The club faithful say Fanling’s history should justify its survival.
Members received a letter earlier this year assuring them that the club was working “very hard” to protect their interests.
“The trees and all the layout, and the history behind it with all the well-known golfers that played here — it’s irreplaceable,” said Tim Tang, 32, a former professional golfer who coaches at the club.
– Symbol of inequality –
Some critics say the government is under-using space in Hong Kong which is already vacant or has been hoarded by developers as land banks for potential future projects.
They argue there is plenty of existing room available for affordable housing without touching green areas and that the small group of influential real estate giants in the city prioritise building profit-making upmarket units.
But for others the golf course is fair game and a visceral symbol of Hong Kong’s inequalities, set against the backdrop of spiralling property prices and rents which force many residents to cram into tiny homes.
Chanting “Land belongs to the people!” and “The grass roots don’t want elite golf courses!”, protesters filled up holes on the course in March using mud scooped from a nearby village where demolition work has begun for a controversial development plan.
Joining one of the city’s numerous private sports and recreational clubs can cost hundreds of thousands, even millions, of Hong Kong dollars. Some are said to have decades-long waiting lists.
Although Fanling’s Gardner pointed out the club offers special access for promising junior athletes each year, playing a round there is out of reach for the majority.

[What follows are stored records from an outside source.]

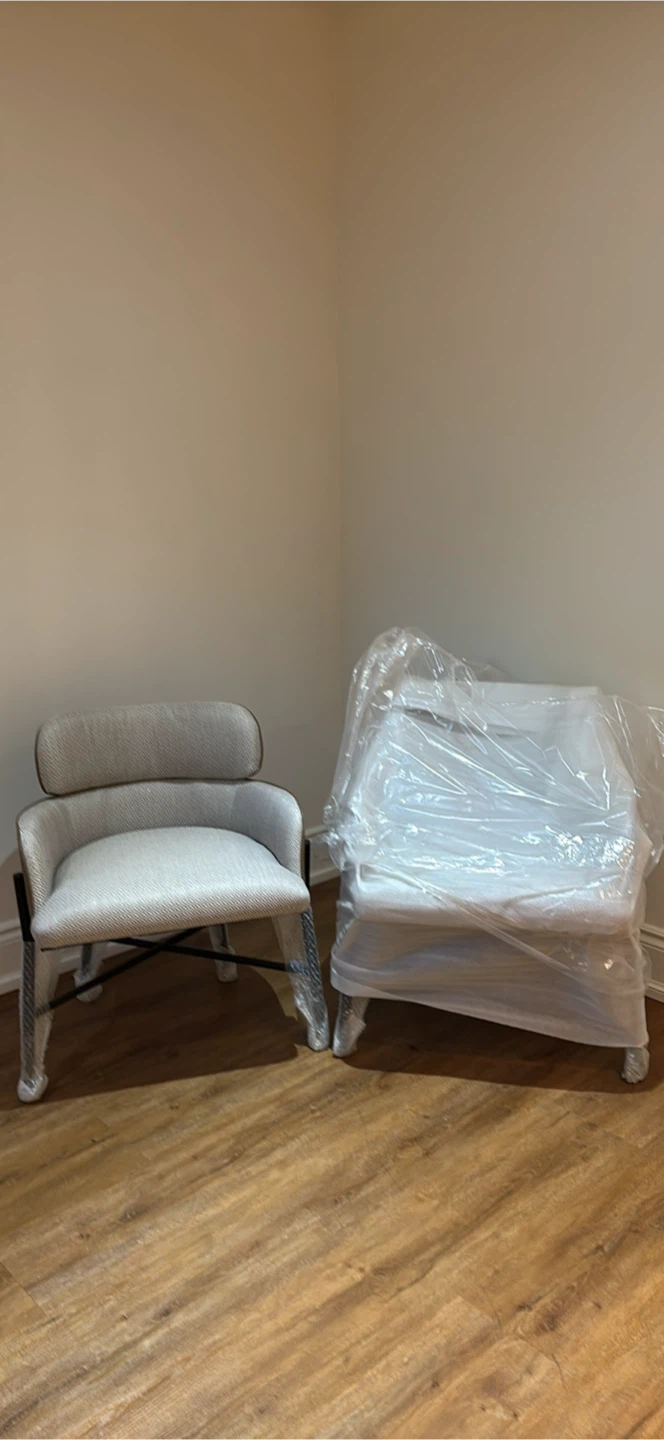 New Pair of modern 2 toned  upholstered accent chairs - photo 5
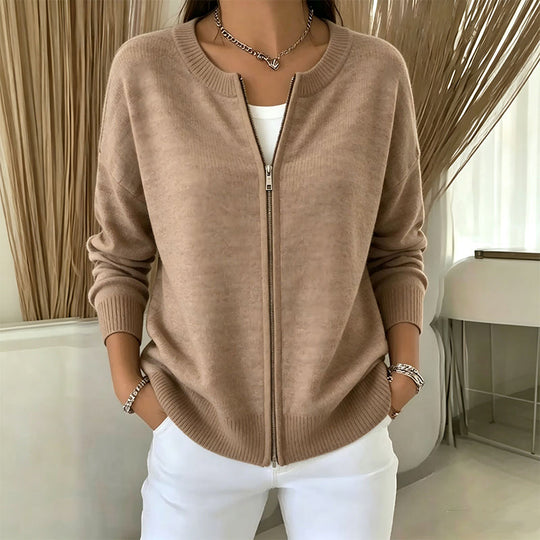 ☁️Veste en maille décontractée à fermeture éclair pour femme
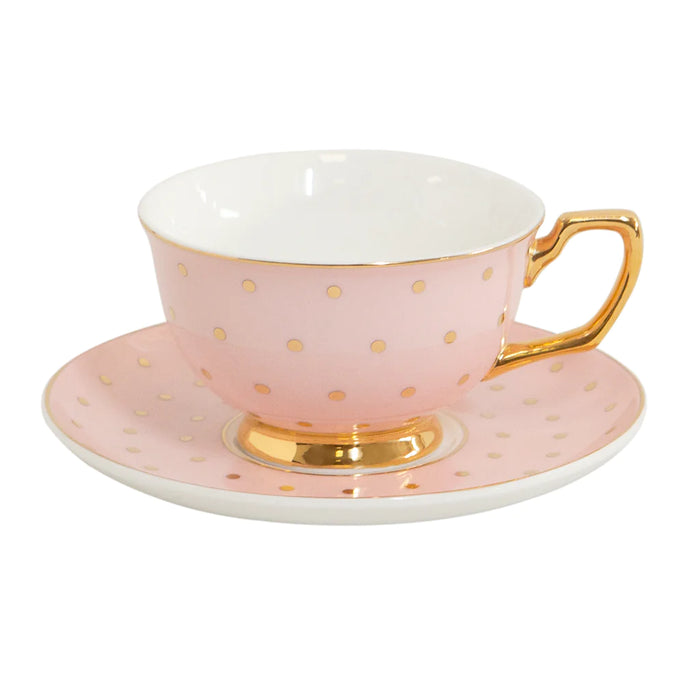 Cristina Re | Teacup & Saucer -  Polka Gold Blush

Non-members can use the Fanling course Monday to Friday, but have to pay a fee of HK$1,100 ($140) for 18 holes.
A corporate membership for the Hong Kong Golf Club goes for HK$17 million, according to one agent.
The club refused to divulge its individual joining fees or the length of its waiting list but said monthly fees for members to access its two properties range from HK$700 to HK$3,000.
– ‘Privileged members’ –
Private clubs are too exclusive and depend on a “system of privileged memberships” while benefiting from low rents on their swaths of prime land, says Mark Mak, senior researcher at environmental group Green Sense.
Mak says low government rents mean the golf club is “subsidised by public resources while not actually serving public interests”. He proposes partially redeveloping Fanling for housing or turning it into a park or public golf course.
Private sports clubs originally paid only a token premium or nothing at all when land was granted to them by the government through leases which offered generous terms to develop sports and recreational facilities.
The government typically charges clubs an annual rent of three percent of their property’s rateable value, according to the city’s home affairs bureau.
The Fanling golf course says it paid HK$2.53 million ($322,410) in annual rent last year to the government for 170 hectares, which amounts to HK$0.14 per square foot.
By comparison, the average rental price per square foot for a residential property in Hong Kong is HK$35.9, according to Centaline Property Agency.
But Gardner justified the low rents by saying sports clubs were not for profit and had ploughed their wealth into earning “international renown”.
“For many, many decades they have continued to pour money into developing these world-class facilities,” he told AFP.